If you're a parent or animation enthusiast, you've undoubtedly been aware of the fact the existence of the Smallfoot movie is, in fact, real. With the kids film set to entertain children and adults alike this weekend, it's a good time to take your family to the movies. But is it a good idea to see Smallfoot with the help of a pair of 3D glasses?
I recently geared up to decide whether or not this visual bestiary is worthy of the 3D approach, asking the ultimate question: to 3D or not to 3D? Those looking to see CinemaBlend's opinion of the film will want to trek over to our official review. However, if you're looking to find the right information determining whether or not you're justified throwing some extra 3D money at Smallfoot, then keep it here as we delve into 3D fit, before the window and more.
Animated movies are usually a pretty good fit for the 3D medium and Smallfoot has a lot going for it in that respect. With an adventure story that sees a lot of action shown on the screen, and quite a few moments that lend themselves perfectly to 3D, it's not a total waste of the extra conversion effort. And yet, this film could have easily been told in 2D and still gotten across the message. It's an interesting visual approach that adds to the story, but just slightly.

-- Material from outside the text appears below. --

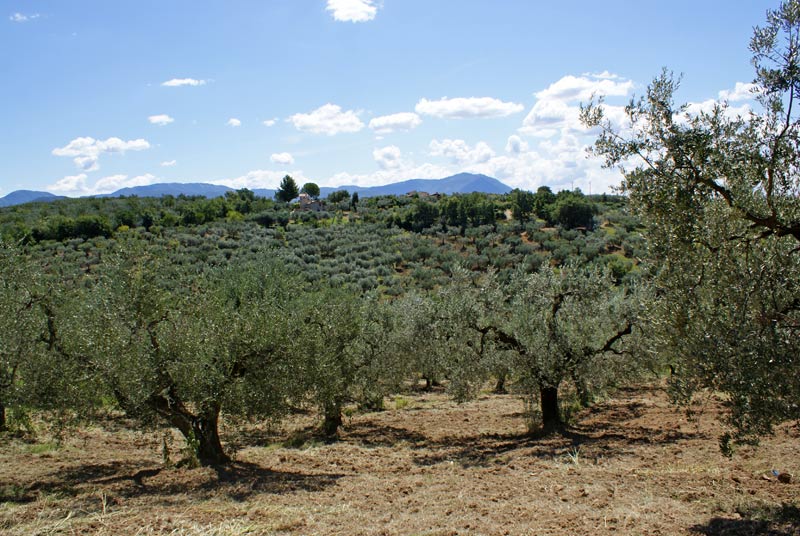 Gli Olivi Monumentali nel Comune di Fara in Sabina - olivisecolari.it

For the most part, Smallfoot's 3D seems decently planned out. Certain action and comedy sequences definitely take advantage of the third dimensional enhancements, and the action is pretty clear to see throughout the film. Still, the crucial factor of depth to the film's 3D picture is greatly curbed in execution, which is drawn into sharper contrast when compared to the film's work with projecting items out of the screen. Between the depth and the slight ding on the brightness score, better planning and effort could have made this film better.
Snowballs, flying yetis, and even tranquilizer darts area are a part of the visual tricks that Smallfoot throws at its audience throughout its running time. Even atmospheric effects like snowflakes help send a bit of the arctic temperatures in the yeti village into the audience, as there is quite a bit of visual panache in the department of what shoots out before the window. If the 3D presentation of a film can make you flinch, it's a pretty good sign that it's doing its job right in this department.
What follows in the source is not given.